My shift at the Waffle House started in an hour. I considered giving up, trying a different day, but the hunger tears running down the pale brown skin of Isabel and Miquel’s cheeks that morning guided me. I had to try. Meinko wasn’t supposed to work that day, could have taken her entire lunch hour; retired three years ago. Instead, she waved me in and asked, “How can I help?”
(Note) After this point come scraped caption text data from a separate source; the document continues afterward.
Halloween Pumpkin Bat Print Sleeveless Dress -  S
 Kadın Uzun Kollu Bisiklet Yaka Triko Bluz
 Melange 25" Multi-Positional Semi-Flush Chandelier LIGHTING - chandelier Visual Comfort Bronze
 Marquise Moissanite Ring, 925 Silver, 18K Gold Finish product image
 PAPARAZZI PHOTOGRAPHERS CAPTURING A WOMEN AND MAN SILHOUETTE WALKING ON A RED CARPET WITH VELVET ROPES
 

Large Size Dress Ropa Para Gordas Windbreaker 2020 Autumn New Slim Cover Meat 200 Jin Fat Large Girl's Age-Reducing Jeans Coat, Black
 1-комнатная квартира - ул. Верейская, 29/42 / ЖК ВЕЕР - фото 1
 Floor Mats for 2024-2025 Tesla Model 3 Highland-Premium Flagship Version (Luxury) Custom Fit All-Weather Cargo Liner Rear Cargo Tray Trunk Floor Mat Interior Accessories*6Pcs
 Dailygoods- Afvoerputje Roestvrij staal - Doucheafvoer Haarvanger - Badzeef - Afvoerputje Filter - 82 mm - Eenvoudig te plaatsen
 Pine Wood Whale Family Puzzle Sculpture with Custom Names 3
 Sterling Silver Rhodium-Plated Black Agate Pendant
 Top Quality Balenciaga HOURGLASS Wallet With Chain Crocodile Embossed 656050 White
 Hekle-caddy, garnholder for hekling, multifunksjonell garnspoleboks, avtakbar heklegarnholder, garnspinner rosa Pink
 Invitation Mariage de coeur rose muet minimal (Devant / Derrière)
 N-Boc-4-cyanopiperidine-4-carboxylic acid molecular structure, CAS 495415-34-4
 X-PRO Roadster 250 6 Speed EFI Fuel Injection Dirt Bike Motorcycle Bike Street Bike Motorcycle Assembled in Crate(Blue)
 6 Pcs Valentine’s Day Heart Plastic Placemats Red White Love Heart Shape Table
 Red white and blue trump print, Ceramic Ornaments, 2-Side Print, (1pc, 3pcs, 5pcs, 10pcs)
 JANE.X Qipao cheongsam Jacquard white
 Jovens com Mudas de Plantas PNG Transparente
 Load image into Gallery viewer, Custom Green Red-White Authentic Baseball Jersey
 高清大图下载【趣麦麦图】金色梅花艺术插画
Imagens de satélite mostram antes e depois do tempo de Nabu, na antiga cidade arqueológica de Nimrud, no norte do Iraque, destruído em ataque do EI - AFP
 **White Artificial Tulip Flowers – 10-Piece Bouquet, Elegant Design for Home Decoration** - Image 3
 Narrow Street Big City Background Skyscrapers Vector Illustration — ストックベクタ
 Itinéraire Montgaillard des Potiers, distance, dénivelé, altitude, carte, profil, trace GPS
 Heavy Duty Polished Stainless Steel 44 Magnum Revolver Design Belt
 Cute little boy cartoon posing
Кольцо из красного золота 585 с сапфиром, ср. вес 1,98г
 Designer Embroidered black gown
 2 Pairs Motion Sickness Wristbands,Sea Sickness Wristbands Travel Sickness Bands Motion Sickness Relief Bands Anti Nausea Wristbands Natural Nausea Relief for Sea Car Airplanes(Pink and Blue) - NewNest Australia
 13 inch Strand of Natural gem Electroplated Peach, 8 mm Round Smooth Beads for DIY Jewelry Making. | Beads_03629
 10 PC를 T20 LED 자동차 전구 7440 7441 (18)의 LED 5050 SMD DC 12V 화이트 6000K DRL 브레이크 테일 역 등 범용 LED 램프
Relieved at finding someone to listen, I blubbered like a frat boy caught trying to dine and ditch. Once she calmed me, I explained how I’d been waiting on my husband’s return, then any word from him. How I accepted the obvious truth, that he’d been disappeared. Meinko’s voice was a comfort though her questions were probing. She typed until her computer said I qualified for SNAP, HEAP, and other assistance. I looked at the clock; I’d make it to work on time.
My gratitude was effusive.
“Come to my house,” she said, handing me a bus schedule with an address on the back. As if reading my mind, she opened her desk drawer and slid me a twenty. “Bring your babies.”
The dust was finer, lighter on her farm than the soot of the city. Cara, her daughter, watched my angels while Meinko and I walked the perimeter of her fields. She’d fought the state to keep a bypass from being built. She’d lobbied for thick trees to be planted as a buffer between her property and the Monsanto killing chemicals her neighbors insisted on using. “A strong back,” she said, tapping my spine. “A good vocabulary and belief in a just God. You’ll need those to make it here.” I clung to those words as I rose up, vertebrae by vertebrae — not just for myself, but for my children.
She and I visited often, shared nourishment from her vegetables, apples, blueberry bushes she covered in netting so fine it resembled a spider’s vast web. I learned to tend tomatoes on the square of patio of our apartment, studied the definitions included on the word-a-day calendar she presented to me for one Christmas. She corrected my occasional misuse and misunderstanding of a cultural reference I’d heard. Meinko encouraged me to take the free classes whenever I could, for both knowledge and making connections.
Like the snake oil preachers before them, natural gas drillers infiltrated our tiny corner of a large state. Greed took over most of her neighbors and they succumbed to deals saner men would balk at. Meinko was the lone holdout. Her place was surrounded by vacated homes. She still said no.
The day they started to drill, she and I held hands, watched the rough boys with tanned necks and red forearms burrow under the earth’s skin. A foreman walked up, said there was nothing to fear. We all felt the shivers under our feet.
Cara came to my apartment a week later, her face as pale as the icing I swirled onto cupcakes at my new job.
“What happened?” I drew in my breath. It took her a long time to say.
Meinko had gotten up to get a drink. The faucet screamed. The well casing had cracked. On tap was gassy oil. It was too much.
“There’s only so many battles — ” Cara cupped her hands over her face.
I hugged her close and something aural occurred, but in my heart. It was my turn. I needed to take up Meinko’s fight. Spread my knowledge. Petition. Pray a different disaster might be prevented.